Volti, corpi e amici si danno, tra i corridoi di Miart, anche metonimicamente e metaforicamente. Da Doris Ghetta per esempio Esraa Elfeky e Nadia Kaabi-Linke si impegnano a indagare le connessioni tra l’umano e il non umano, svelando le forze politiche e sociali che modellano tali relazioni, da MLZ Art Dep invece Matteo Attruia – con VuK Ćosić, pioniere della net.art – ci propone una tuta in tessuto isotermico fatta su misura che intitola sintomaticamente IOBITO. I vostri sogni, i tuoi sogni, sono i nostri sogni? Oppure i nostri sogni, sono i vostri sogni, i tuoi sogni?

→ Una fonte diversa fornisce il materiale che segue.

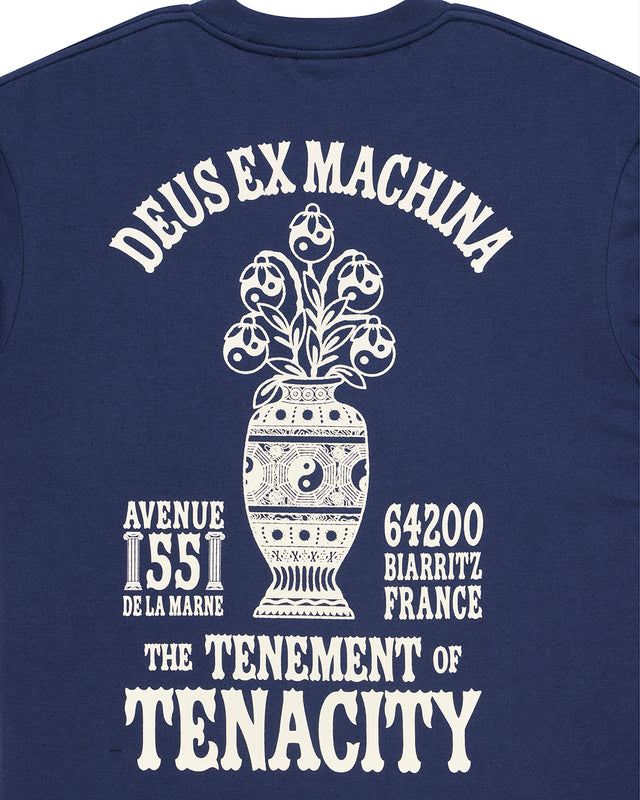 Biarritz Ceramic Tee - Mechanic Blue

È sempre Attruia a farci venire il dubbio, rassicurandoci – su quanto si possa essere simili – quando quando tutto ciò che di cui ha bisogno è tutto (All I need is all). Anche Simonetta Andrioletti, da Ribot con Przemek Pyszczek, Felix Schramm e Stefano Comensoli, usa il linguaggio: frasi dirette, incisive, talvolta domande che incalzano ma sembrano destinate a restare irrisolte, altre volte affermazioni perentorie e sconcertanti, tutte allusive a episodi di cronaca nera, alla salute mentale, alla violenza di genere e alle forme di discriminazione sociale.

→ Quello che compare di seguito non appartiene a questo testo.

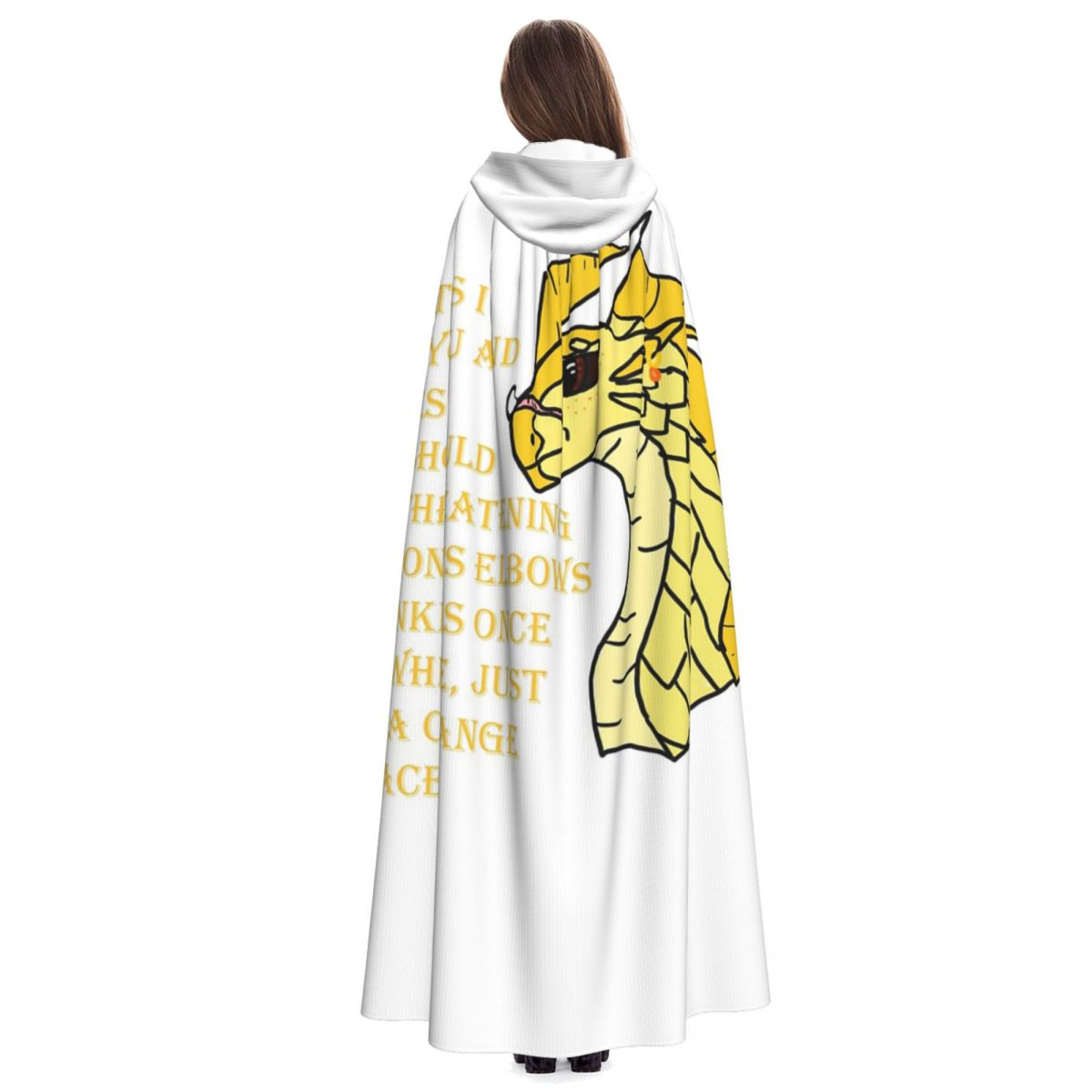Qibli Quote Long Hooded Cloak  - огляд і ціна Anime Cosplay Quotes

miart conferma la propria centralità nel panorama delle fiere d’arte europee, nella sezione degli established molte gallerie, da Sprovieri a Sperone, da Galleria Continua a Lia Rumma, da Vistamare a Thomas Brambilla Gallery sfoderano i grandi nomi – tra cui, quest’ultimo, John Giorno e le sue poesie visive, da You got to burn to shine a I want to cum in your heart. Viasaterna propone Marion Baruch, Dep Art sceglie una selezione di opere di Miller, Pinelli, Simeti, Uncini e Ulrich, Cortesi Gallery, Galleria Fumagalli e Mazzoleni, che sceglie di presentare un progetto espositivo che esplora il dialogo tra maestri del Novecento e voci contemporanee.

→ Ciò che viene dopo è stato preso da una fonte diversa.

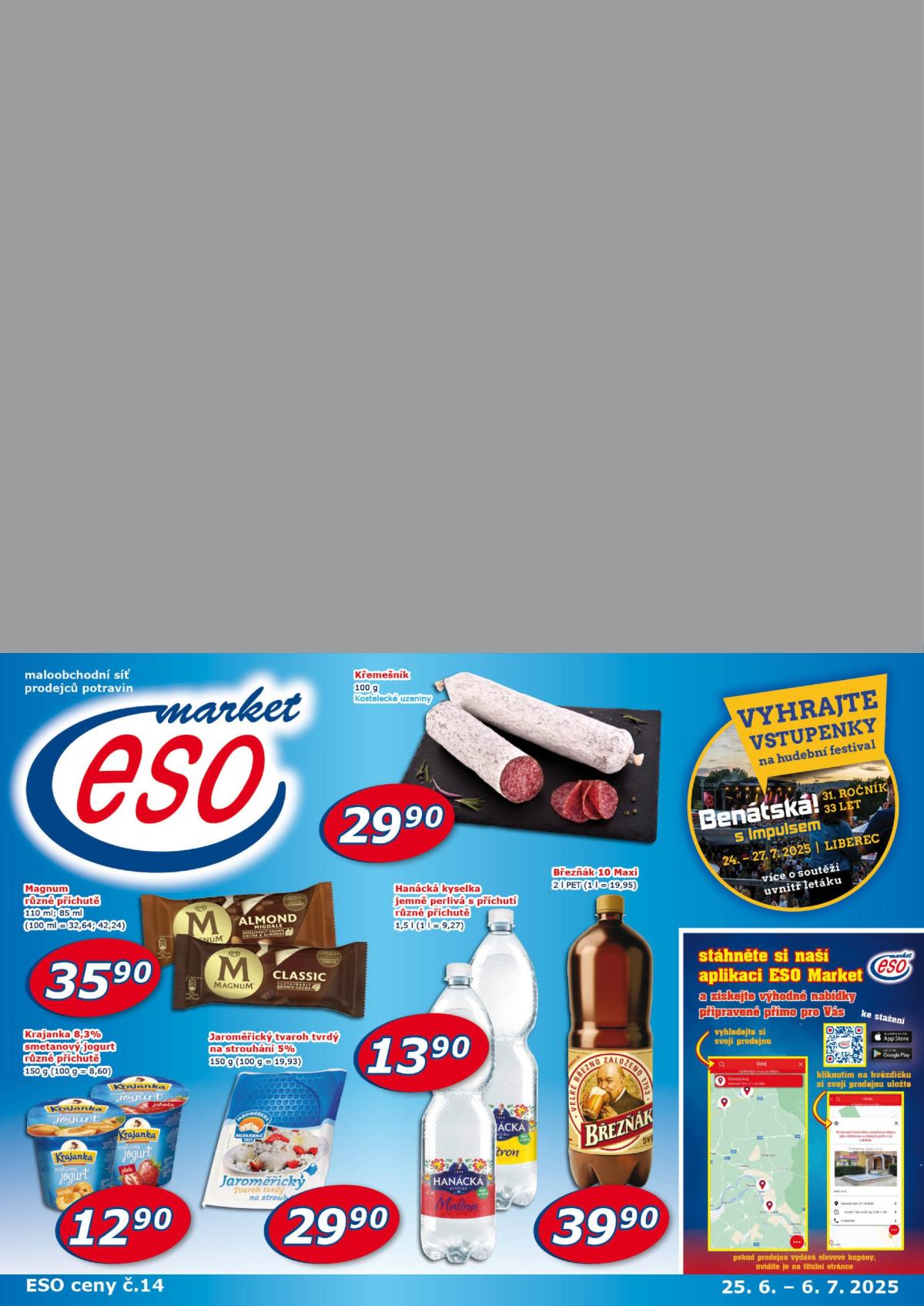 Leták ESO MARKET od 25.06. do 06.07.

Il percorso espositivo da Mazzoleni si apre con un focus sul primo Novecento con particolare attenzione a Felice Casorati, protagonista della mostra antologica a Palazzo Reale di Milano. Gli anni ‘60 sono rappresentati dalle sperimentazioni di Lucio Fontana e Alberto Burri, che ridefiniscono i confini della pittura e della materia, e dall’evoluzione di queste ricerche nelle opere di Agostino Bonalumi e Enrico Castellani, che attraverso le loro celebri estroflessioni esplorano nuove possibilità spaziali della superficie pittorica. La sezione contemporanea include opere di Salvatore Astore, Andrea Francolino, Rebecca Moccia, David Reimondo, Marinella Senatore, e Massimo Vitali. Marinella Senatore presenta l’opera Who Are You?, realizzata per la cover da collezione di Amica, The Art Issue (Aprile 2025).
Degna di attenzione, tra nomi noti e piacevoli scoperte, è la sezione Portal, dove Studio Sales propone Romina Bassu, P420 Victor Fotso Nyie, Franco Noero Gabriel Sierra e Lucy Otter e Richard Saltoun Gino Marotta, e che Gino Marotta, in un trionfo di sue iconiche sculture al neon.
La qualità è indubbia, la proposta è tanta e il cielo è azzurro sopra Miart (Edson Luli, A piece of sky for future generation, Prometeo Gallery Ida Pisani).